I hope this answers your question, and if not helps you find another answer.

Upvotes: 0

javidcf
javidcf

Reputation: 59731

Here is one way to do that with advanced indexing:

import numpy as np

a = np.array([[2, 5, 9], [7, 2, 4]])
b = np.array([[3, 6, 2], [1, 6, 8]])
c = np.array([[8, 7, 4], [9, 3, 1]])
# Put all input arrays together
abc = np.stack([a, b, c])
# Works with any shape and number of arrays
n, r, c = abc.shape
# Row and column index grid
ii, jj = np.ogrid[:r, :c]
# Shift row and column indices over submatrices of result
idx = np.arange(n)[:, np.newaxis, np.newaxis]
row_idx = ii * n + idx
col_idx = jj * n + idx
# Broadcast indices
row_idx, col_idx = np.broadcast_arrays(row_idx, col_idx)
# Make output
out = np.zeros((n * r, n * c), abc.dtype)
out[row_idx, col_idx] = abc
print(out)
# [[2 0 0 5 0 0 9 0 0]
#  [0 3 0 0 6 0 0 2 0]
#  [0 0 8 0 0 7 0 0 4]
#  [7 0 0 2 0 0 4 0 0]
#  [0 1 0 0 6 0 0 8 0]
#  [0 0 9 0 0 3 0 0 1]]

Upvotes: 0

hpaulj
hpaulj

Reputation: 231540

We can combine the 3 arrays with stack (or np.array):

In [65]: a = np.array([[2,5,9], [7,2,4]]) 
    ...: b = np.array([[3,6,2], [1,6,8]]) 
    ...: c = np.array([[8,7,4], [9,3,1]])                                                                    
In [66]: abc = np.stack((a,b,c))                                                                             
In [67]: abc.shape                                                                                           
Out[67]: (3, 2, 3)

One 'column' of abc is one of your diagonals:

In [68]: abc[:,0,0]                                                                                          
Out[68]: array([2, 3, 8])

Make a target array to hold all 6 diagonals:

In [69]: TT = np.zeros((6,3,3),int)     

We can then set one diagonal with:

In [70]: idx=np.arange(3)                                                                                    
In [71]: TT[0,idx,idx] = abc[:,0,0]                                                                          
In [72]: TT                                                                                                  
Out[72]: 
array([[[2, 0, 0],
        [0, 3, 0],
        [0, 0, 8]],
        ...

To set all 6 we need an array that matches this shape:

In [74]: TT[:,idx,idx].shape                                                                                 
Out[74]: (6, 3)

Reshape abc.
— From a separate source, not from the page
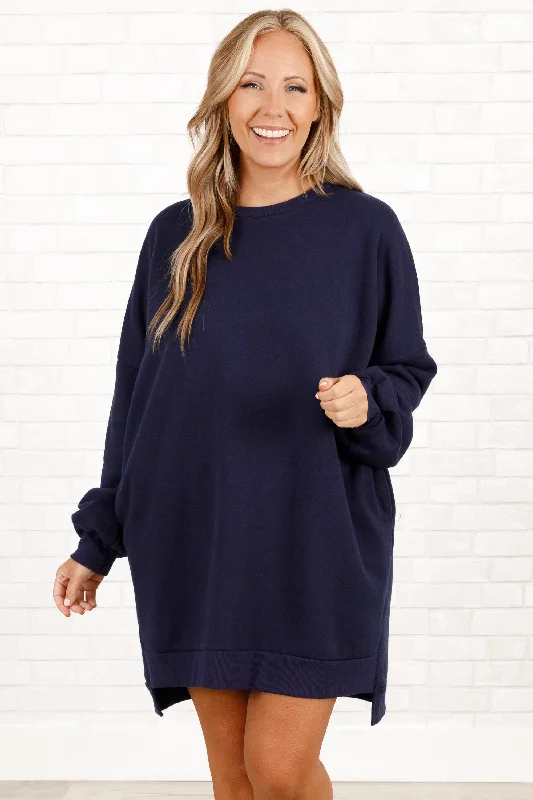 women's tops for those who want to add a touch of elegance and sophistication to their everyday wearAlways In Style Tunic, Navy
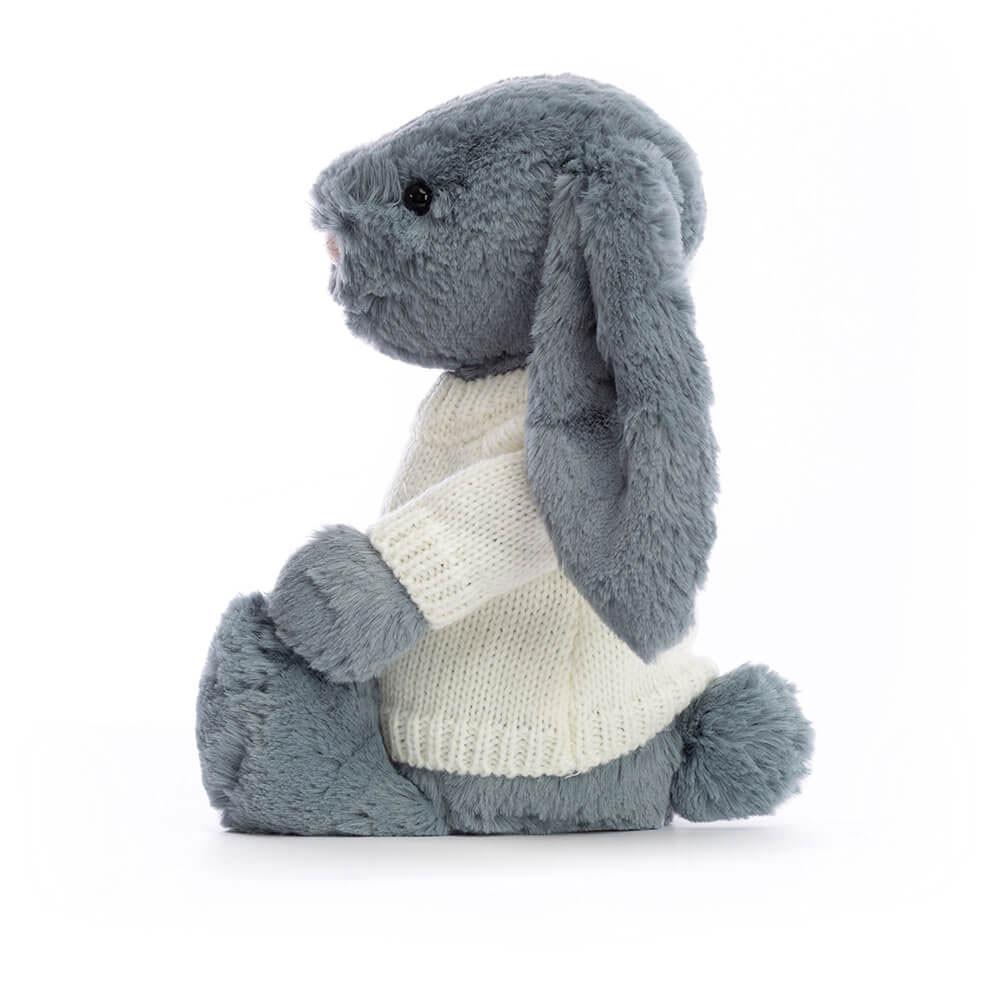 Baby Toys Jellycat Bashful Dusky Bunny with Cream Jumper,31cm x 12cm x 9cm Blankyt | GLBVP-8951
The result is (3,6). Transpose to make a (6,3):

In [75]: abc.reshape(3,6)                                                                                    
Out[75]: 
array([[2, 5, 9, 7, 2, 4],
       [3, 6, 2, 1, 6, 8],
       [8, 7, 4, 9, 3, 1]])
In [76]: TT[:,idx,idx] = abc.reshape(3,6).T                                                                  
In [77]: TT                                                                                                  
Out[77]: 
array([[[2, 0, 0],
        [0, 3, 0],
        [0, 0, 8]],

       [[5, 0, 0],
        [0, 6, 0],
        [0, 0, 7]],

       [[9, 0, 0],
        [0, 2, 0],
        [0, 0, 4]],

       [[7, 0, 0],
        [0, 1, 0],
        [0, 0, 9]],

       [[2, 0, 0],
        [0, 6, 0],
        [0, 0, 3]],

       [[4, 0, 0],
        [0, 8, 0],
        [0, 0, 1]]])

Rearrange elements with reshapes and transpose:

In [82]: TT.reshape(2,3,3,3).transpose(0,2,1,3).reshape(6,9)                                                 
Out[82]: 
array([[2, 0, 0, 5, 0, 0, 9, 0, 0],
       [0, 3, 0, 0, 6, 0, 0, 2, 0],
       [0, 0, 8, 0, 0, 7, 0, 0, 4],
       [7, 0, 0, 2, 0, 0, 4, 0, 0],
       [0, 1, 0, 0, 6, 0, 0, 8, 0],
       [0, 0, 9, 0, 0, 3, 0, 0, 1]])

I came up that, step by step. You may want to recreate those steps for yourself. I won't take up the space here.

There may be more direct ways of creating this, but I think the steps are instructive.